Five days before Norwell’s town election, two voters formally questioned whether Chairman of Selectmen John Mariano resides in the town, or, as the Voter Registration Challenge alleges, “with his companion” in Quincy. Mariano’s name will appear on the May 19th ballot with opponent David DeCoste. Norwell voting registrars met in emergency session Monday.
Massachusetts law does not define residency. It does provide a process for challenges to residency. In the rarely used process, voting registrars must first determine whether probable cause exists and whether the challenge meets six standards.

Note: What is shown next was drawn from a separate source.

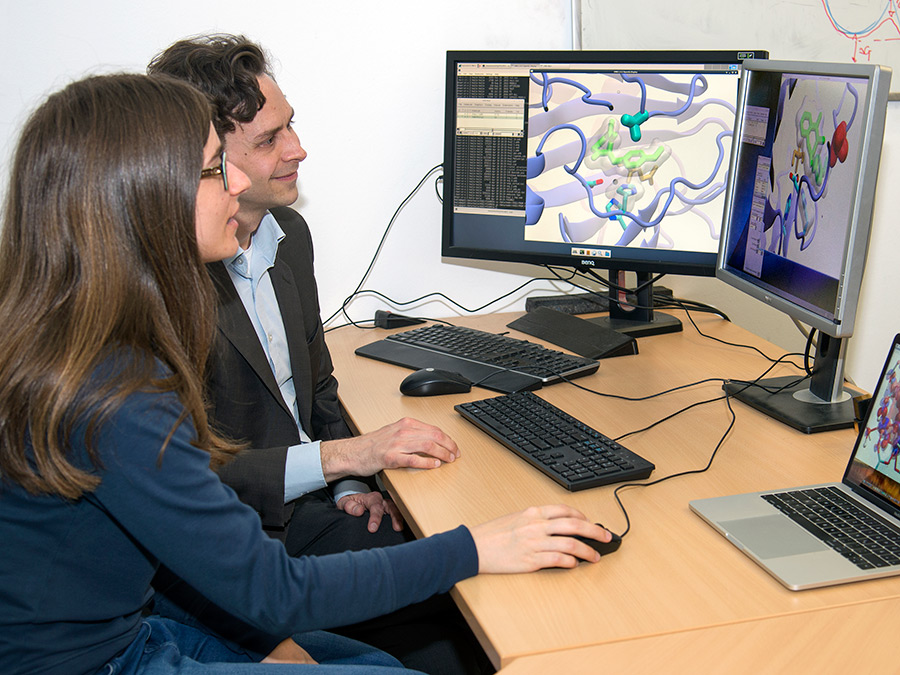 Sophie Mader und Prof. Ville Kaila; auf den Bildschirmen die Simulation der beiden AsqJ-Modelle. (Bild: A. Battenberg / TUM)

Those standards ask if the challenge is signed and sworn, submitted by a registered voter, filed with voting registrars, filed at least four days before the election, submitted by a voter who has reason to believe the voter in question is irregularly registered and the complaint states the reasons for that belief.
Registrars agreed the challenge met five standards. They disagreed whether the challenge provided sufficient evidence under standard five. Town Clerk and Registrar Patricia Anderson doubted it did. Registrar Bruce Burgess argued the standard did not ask for sufficient evidence, but only that the challengers had reason to believe an irregularity exists.
“They’ve given us eight items of evidence,” Burgess said. “So, they have a reason to believe.”
Anderson had planned that the Monday meeting would satisfy the probable cause step in the process. But, Burgess protested the legality of the meeting. Anderson received the challenge Monday morning and, after checking with Town Counsel and the Secretary of State’s office, called an emergency meeting. Burgess contended no emergency existed because a candidate isn’t declared in office until after Registrars certify the election a week after it occurs.